The real culprit is a seismic shift in the world manufacturing power and our government’s inadequate solutions and poor decision making for dealing with it. Europe is in the same turmoil as the UK for the same reasons. It would be an intelligent move to work together and not fight each other. After Brexit many firms will shrink their business and return to Europe. Brexiteers will say “Good Riddance”. That is a mark of frustration, not logic. Vote Leave has exploited this frustration and pinned it on Europe.
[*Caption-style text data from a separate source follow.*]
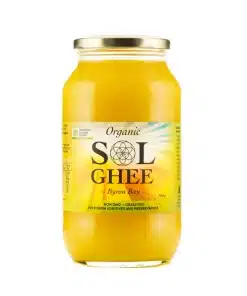 Organic Ghee 685g Sol Ghee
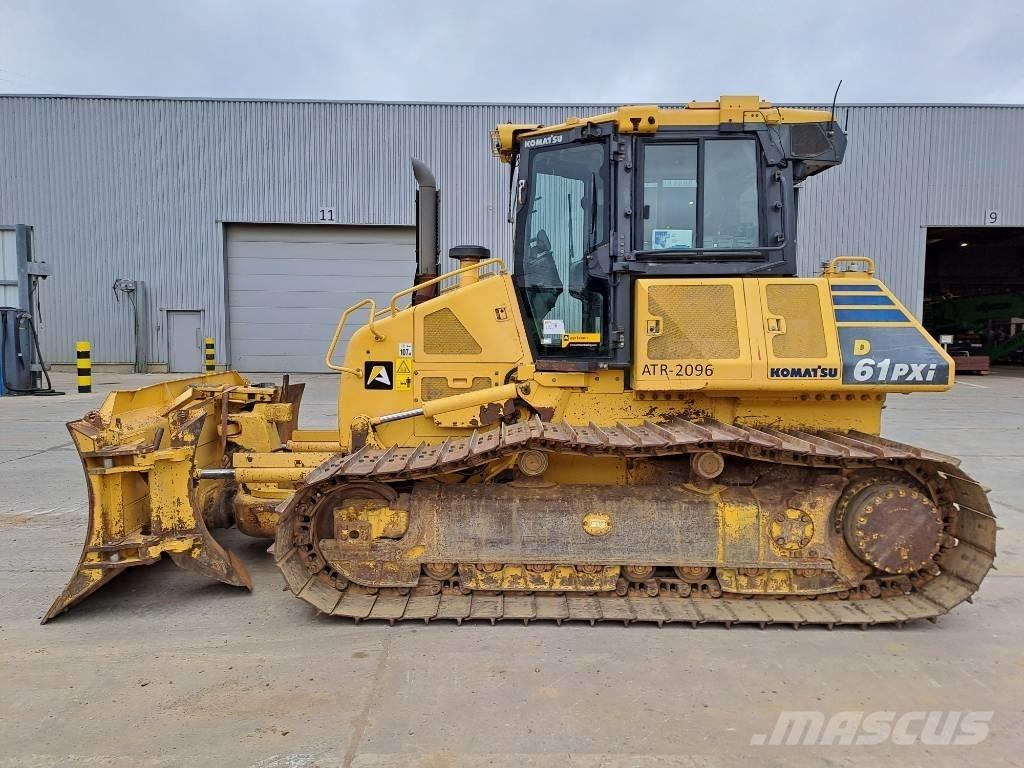 Komatsu D61PXI-23 Rupsdozers
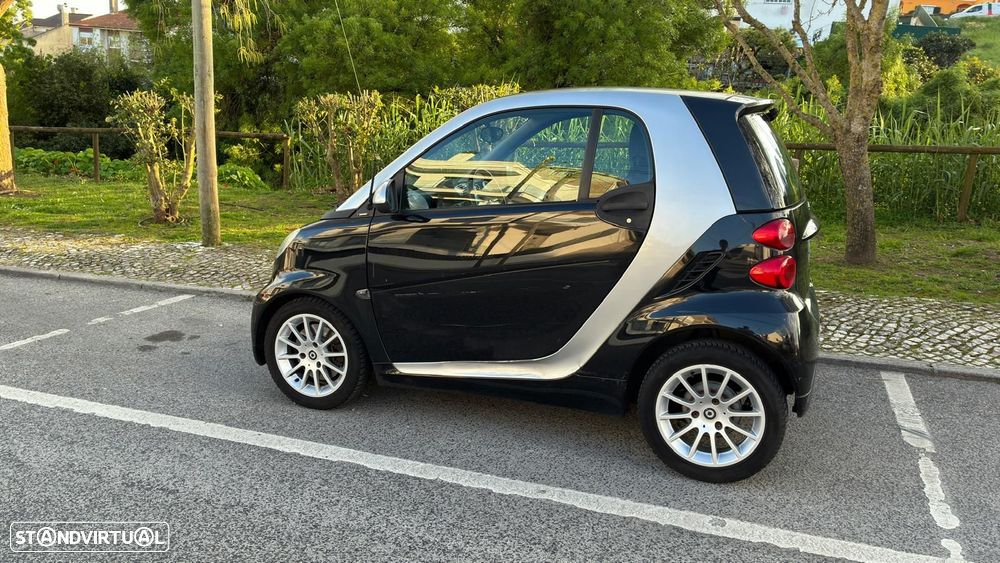 Smart ForTwo Coupé softouch pulse micro hybrid drive - 3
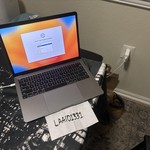 Good MacBook Pro 2017 (No Touch Bar) - 13 inch - I5, Gray, 256 GB, 8 GB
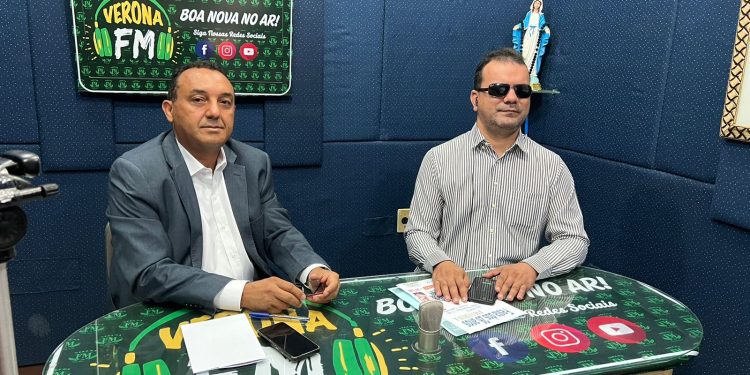 Secretario Nouga Cardoso reafirma concurso público da Semec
So, my point is be careful what you wish for. The real battle is for fairness between the haves and have nots. Between London and the Regions. The real battle is with multinationals refusal to pay proportional taxes and the government’s feeble fight back. The failure to tackle housing, welfare, zero hour contracts, rogue entrepreneurs stealing company wealth and employees’ pension pots, then making them redundant. Add in the RBS banking scandal, the foolish decision on the bedroom tax, penny-pinching ruining the introduction of Universal Credit scheme, the irresponsible decision to pay rent directly to tenants rather than landlords and councils, and what you have is a rich seam of discontent ready for Vote Leave to exploit. Everyone is aware that the very rich are getting richer and everyone else poorer. So Vote Leave and Cambridge Analytica team up under the anarchic vision of Dominique Cummings to hunt down all the victims of all this mis-management and alley their grievances to their cause.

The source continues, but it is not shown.